**ENTRIES PROVIDED**
__________

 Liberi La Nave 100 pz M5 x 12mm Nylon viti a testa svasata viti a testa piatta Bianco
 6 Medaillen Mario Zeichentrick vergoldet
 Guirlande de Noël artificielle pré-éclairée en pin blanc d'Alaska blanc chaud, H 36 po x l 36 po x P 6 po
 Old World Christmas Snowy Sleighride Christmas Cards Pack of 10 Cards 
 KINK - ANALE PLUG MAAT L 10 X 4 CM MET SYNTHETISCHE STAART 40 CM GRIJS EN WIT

__________

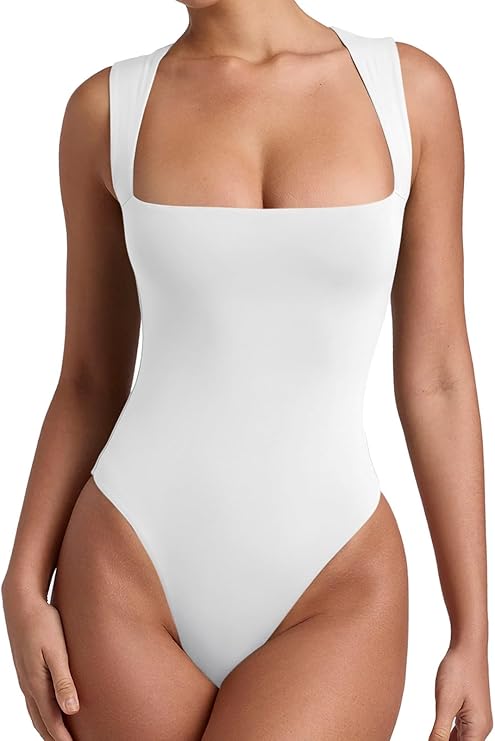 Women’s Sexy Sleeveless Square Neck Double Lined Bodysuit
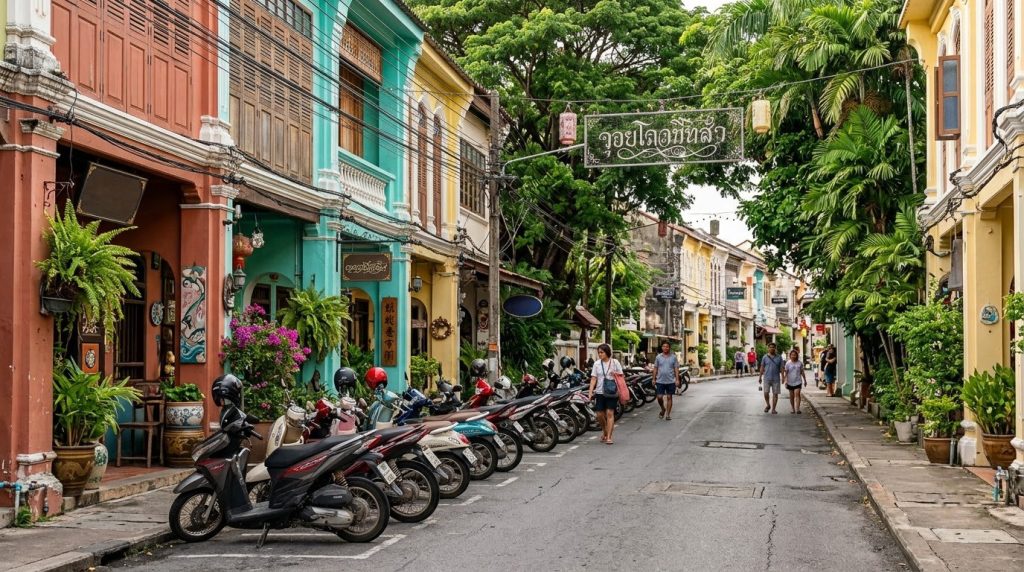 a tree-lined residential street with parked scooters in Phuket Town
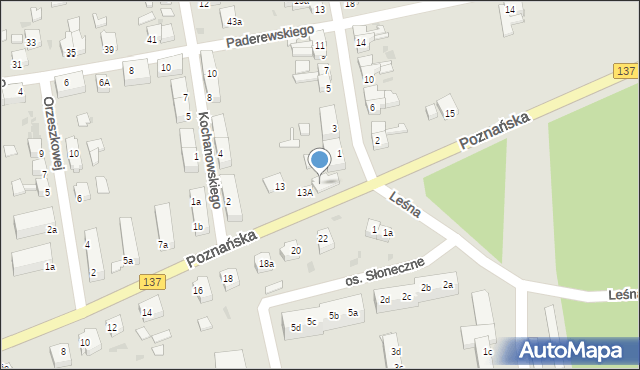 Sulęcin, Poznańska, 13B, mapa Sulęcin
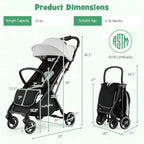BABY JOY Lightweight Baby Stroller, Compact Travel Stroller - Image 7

__________

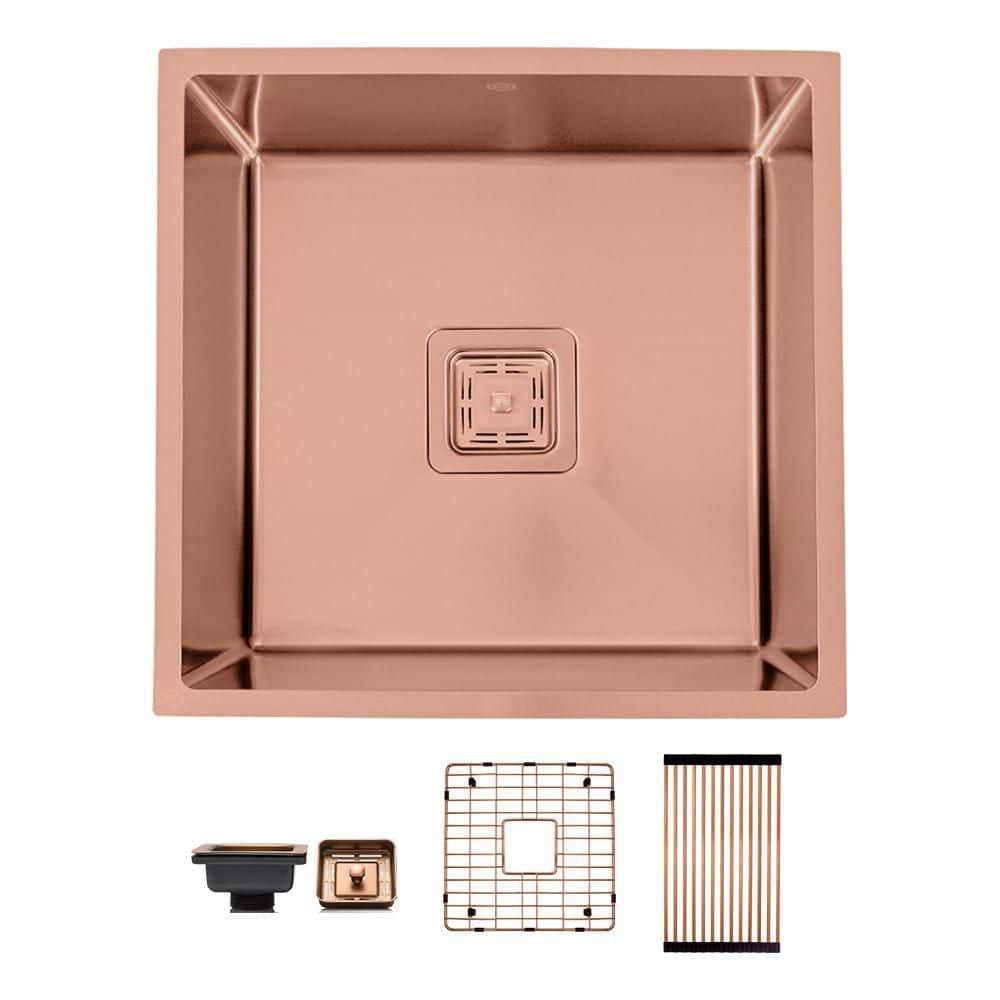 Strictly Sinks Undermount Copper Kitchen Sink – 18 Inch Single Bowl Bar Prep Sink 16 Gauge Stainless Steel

__________

**TASK GOAL**
Starting at the line above that contains "Old World Christmas", repeat each line exactly up to and including the line that contains "KINK - ANALE", and stop there.

**ANSWER SECTION**
 Old World Christmas Snowy Sleighride Christmas Cards Pack of 10 Cards 
 KINK - ANALE PLUG MAAT L 10 X 4 CM MET SYNTHETISCHE STAART 40 CM GRIJS EN WIT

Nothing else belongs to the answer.